◆ WORK ITEM: From the line containing "アストンマーチン V8 ロードスター" through the last line of the entries, output the text exactly. Pictures stay out.

(Collected data)

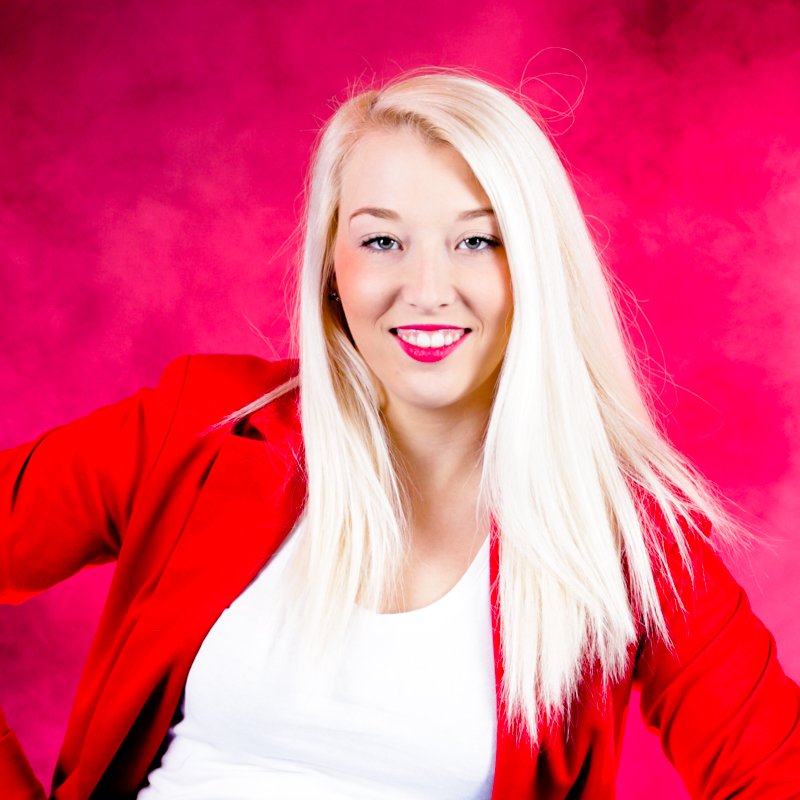 SilkwoodStudio's tweet photo. Model evening Tuesday 12th July Max 6 photographers £30 #tuition #photography https://t.co/DkDF7PcPyn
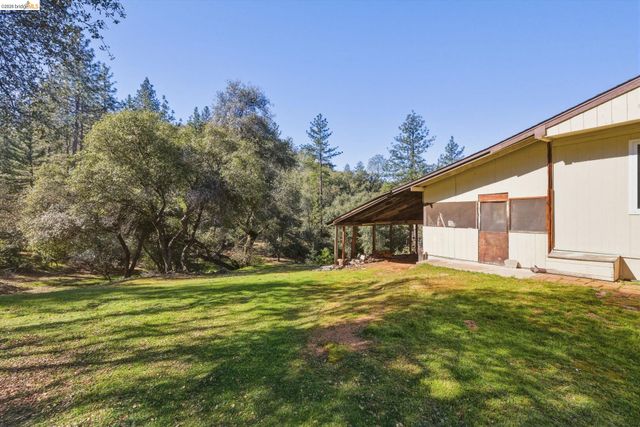 17807 Harper Rd., Big Oak Flat, CA 95305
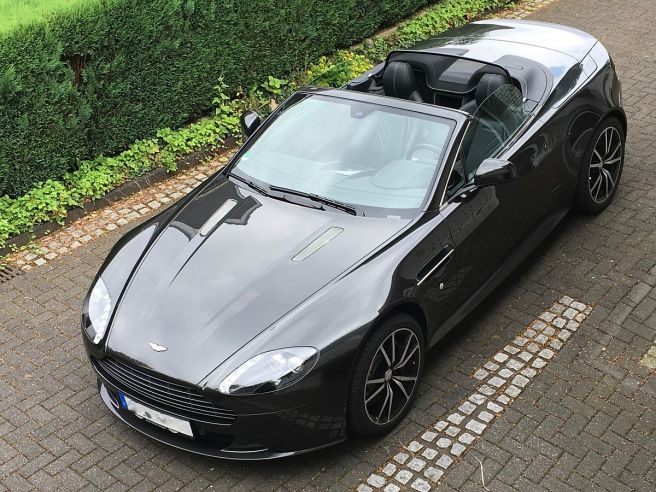 アストンマーチン V8 ロードスター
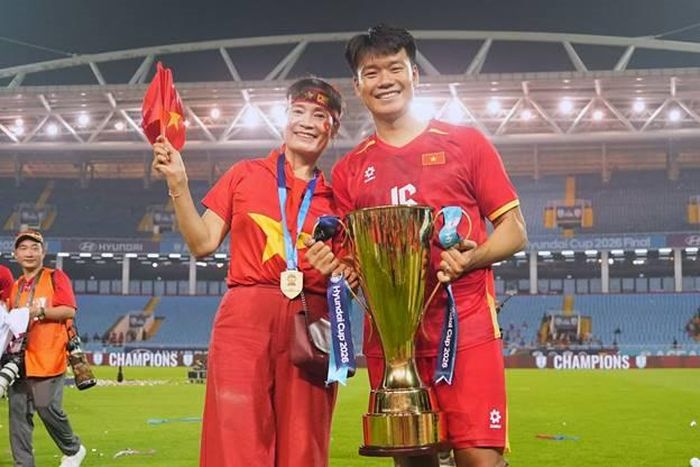  Trung vệ thép Thành Chung là điểm tựa quan trọng của hàng thủ Việt Nam khi đối đầu với những hàng công mạnh của các đối thủ Đông Nam Á. Ảnh: MC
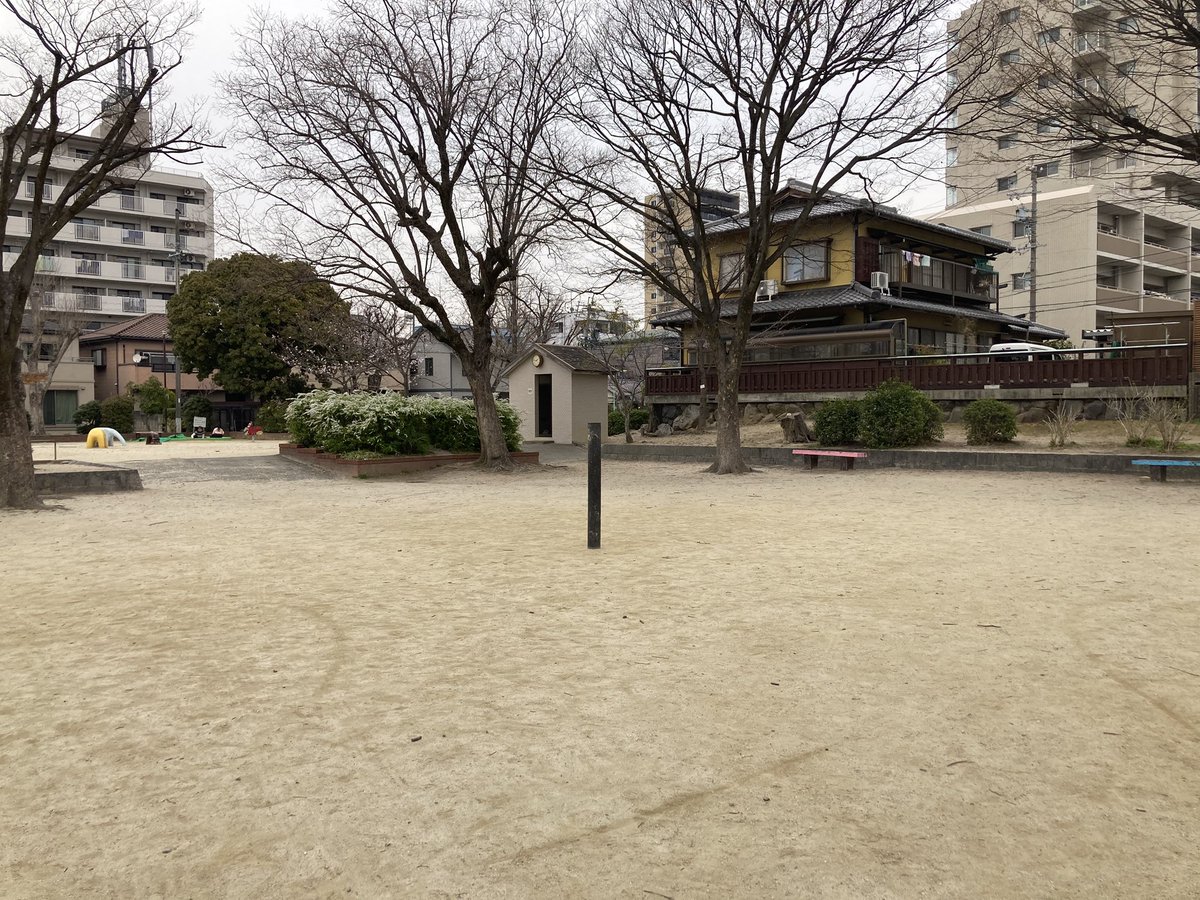 『名古屋の富士山すべり台』風媒社より好評発売中！ tweet media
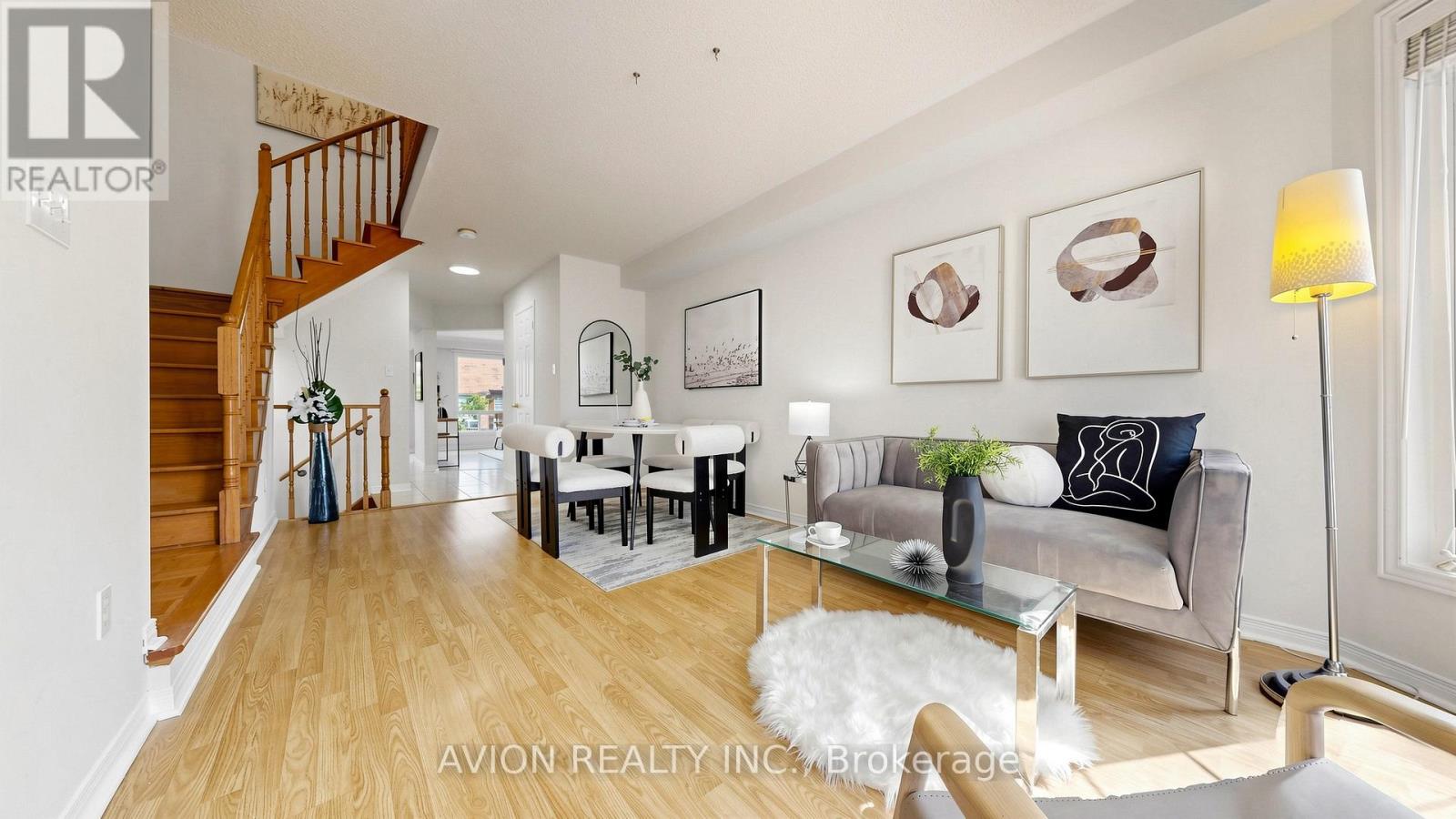 12 RIDEAU DRIVE - 3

◆ OUTPUT:
 アストンマーチン V8 ロードスター
  Trung vệ thép Thành Chung là điểm tựa quan trọng của hàng thủ Việt Nam khi đối đầu với những hàng công mạnh của các đối thủ Đông Nam Á. Ảnh: MC
 『名古屋の富士山すべり台』風媒社より好評発売中！ tweet media
 12 RIDEAU DRIVE - 3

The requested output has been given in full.